B2B marketers struggle to manage brand visibility in AI
Agentcy has published research suggesting most B2B marketing teams lack a clear way to manage how their brands appear in AI-generated answers from tools such as ChatGPT, Gemini, Copilot, and Perplexity.
Its first Annual AI Visibility Index, based on a survey of 104 senior B2B marketing leaders, found that 81% consider AI visibility a blind spot in their marketing intelligence. Of those, 21% said it is a major blind spot.
The findings reflect a shift in how buyers research technology vendors. AI answer engines increasingly summarise categories, compare suppliers, and shape shortlists before a prospective customer visits a company website. Many marketing teams still rely on measurement models built around search rankings, web sessions, and last-touch attribution.
Only 10% of respondents said they can consistently connect AI-driven touchpoints to revenue. Just 12% reported having a dedicated AI visibility tool in live use.
Ownership Gaps
Responsibility for AI visibility appears fragmented across functions. Respondents most commonly placed ownership with Marketing Ops or Analytics (35%). A further 15% put it under SEO or Web, 11% under an AI Officer, and 9% under Brand or Communications. More than one in four (26%) reported no clear owner.
Tracking of AI-driven referrals is also inconsistent. Some 35% said they formally track AI-driven referrals in their analytics stack, while 26% track them manually or inconsistently. The rest do not track such referrals.
Tom Fry, Agentcy's chief technology officer, said the change is more than a shift in marketing channels.
"For twenty years, B2B marketing has been built around the click - rank, earn traffic, attribute impact. AI changes the loop. Buyers can now research, compare, and shortlist vendors without generating a single visit. The buying journey is being condensed into a single conversational interaction where the model generates the criteria and often the shortlist. That is not a channel shift. It is a structural one. And most organisations are not yet built for it."
Mispositioning Risk
The research also highlights what it calls "algorithmic mispositioning": cases in which a brand appears in AI-generated responses but is inaccurately framed. Brands may be associated with the wrong use cases or compared against the wrong competitors.
Two-thirds of respondents (66%) said they have checked how their brand appears in AI answers at least once. Regular monitoring is less common, with only 25% saying they check regularly.
Among those who have assessed their AI positioning, 46% found it mixed or inaccurate. The report links this to how AI systems synthesise publicly available information, including media coverage, analyst commentary, review platforms, and category language. When that external information is inconsistent, AI responses can vary.
"Visibility alone is insufficient if a brand is being misrepresented," Fry said. "Buyers may form early preferences based on how AI summarises strengths, weaknesses, and category fit - often before engaging directly with the brand. Invisibility is a problem you can see. Mispositioning compounds quietly. And most organisations have no consistent monitoring in place to detect it."
Pipeline Influence
Despite uncertainty about measurement, many marketing leaders believe AI tools already influence commercial outcomes. Some 45% said AI influences between 6% and 20% of their pipeline today. Another 43% expect that influence to rise quickly. Only 11% said AI is not relevant to their category.

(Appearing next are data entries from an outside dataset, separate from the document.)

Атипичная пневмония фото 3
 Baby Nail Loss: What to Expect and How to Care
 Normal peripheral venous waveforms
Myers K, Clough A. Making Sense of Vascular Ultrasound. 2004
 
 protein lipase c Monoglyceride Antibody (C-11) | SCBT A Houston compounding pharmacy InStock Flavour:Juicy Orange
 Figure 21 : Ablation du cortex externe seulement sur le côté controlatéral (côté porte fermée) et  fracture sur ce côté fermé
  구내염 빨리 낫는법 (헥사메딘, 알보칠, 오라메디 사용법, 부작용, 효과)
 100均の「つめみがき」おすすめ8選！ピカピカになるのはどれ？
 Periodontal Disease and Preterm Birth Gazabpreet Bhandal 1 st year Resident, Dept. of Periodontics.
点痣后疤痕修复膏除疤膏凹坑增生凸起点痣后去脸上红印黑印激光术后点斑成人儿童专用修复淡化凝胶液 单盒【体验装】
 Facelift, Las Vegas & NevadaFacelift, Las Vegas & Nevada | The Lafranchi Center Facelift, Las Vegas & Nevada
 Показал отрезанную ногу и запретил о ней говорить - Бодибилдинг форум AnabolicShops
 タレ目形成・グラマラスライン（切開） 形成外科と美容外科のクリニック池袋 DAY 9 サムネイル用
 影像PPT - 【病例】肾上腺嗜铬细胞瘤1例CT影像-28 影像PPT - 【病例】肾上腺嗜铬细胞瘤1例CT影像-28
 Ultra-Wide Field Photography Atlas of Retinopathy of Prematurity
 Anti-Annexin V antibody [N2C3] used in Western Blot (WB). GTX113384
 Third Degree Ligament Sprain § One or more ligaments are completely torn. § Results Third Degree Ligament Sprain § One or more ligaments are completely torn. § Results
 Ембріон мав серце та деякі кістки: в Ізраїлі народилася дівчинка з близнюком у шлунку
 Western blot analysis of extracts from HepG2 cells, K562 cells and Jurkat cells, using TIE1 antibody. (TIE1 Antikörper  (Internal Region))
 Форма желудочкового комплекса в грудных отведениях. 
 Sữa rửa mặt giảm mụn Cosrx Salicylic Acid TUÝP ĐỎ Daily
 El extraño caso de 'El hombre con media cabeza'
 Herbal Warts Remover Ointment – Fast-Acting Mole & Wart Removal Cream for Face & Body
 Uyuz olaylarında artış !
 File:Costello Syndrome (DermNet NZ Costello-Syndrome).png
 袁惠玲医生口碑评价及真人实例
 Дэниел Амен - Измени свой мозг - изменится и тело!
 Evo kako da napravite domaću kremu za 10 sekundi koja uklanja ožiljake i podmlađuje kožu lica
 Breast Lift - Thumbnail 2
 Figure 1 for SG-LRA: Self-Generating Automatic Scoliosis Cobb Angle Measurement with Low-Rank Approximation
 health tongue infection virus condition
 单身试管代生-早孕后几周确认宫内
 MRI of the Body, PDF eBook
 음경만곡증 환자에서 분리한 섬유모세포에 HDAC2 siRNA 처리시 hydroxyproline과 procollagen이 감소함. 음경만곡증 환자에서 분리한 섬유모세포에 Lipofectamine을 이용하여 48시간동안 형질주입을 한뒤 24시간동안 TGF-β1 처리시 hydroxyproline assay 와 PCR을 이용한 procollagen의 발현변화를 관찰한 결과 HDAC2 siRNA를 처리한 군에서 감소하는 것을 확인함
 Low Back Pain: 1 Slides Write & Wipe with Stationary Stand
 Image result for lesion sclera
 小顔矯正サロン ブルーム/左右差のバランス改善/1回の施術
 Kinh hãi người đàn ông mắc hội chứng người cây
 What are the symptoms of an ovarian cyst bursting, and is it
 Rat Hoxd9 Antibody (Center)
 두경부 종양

Several respondents said low or unclear AI referral traffic does not indicate a limited impact. The survey found that 30% believe AI tools influence buying decisions even when clicks are rare. This aligns with a buying journey in which AI systems shape early-stage perception, while traditional attribution captures only later actions such as direct site visits or form fills.
When asked which AI visibility metrics would be most valuable, respondents prioritised qualitative measures over traffic. Positioning accuracy was cited by 37% as a priority metric for 2026, followed by share of voice in AI answers (36%). Another 30% pointed to citations and trusted sources used by AI systems.
Investment Decisions
The research describes the market as being in an "evaluation phase" for AI visibility. Respondents cited practical constraints on investment and execution: 43% pointed to a lack of time and internal resources, 31% to difficulty justifying return on investment, and 30% to not yet understanding which actions influence AI recommendations.
Agentcy plans to publish the AI Visibility Index quarterly and track changes in awareness, measurement, and attribution practices over time.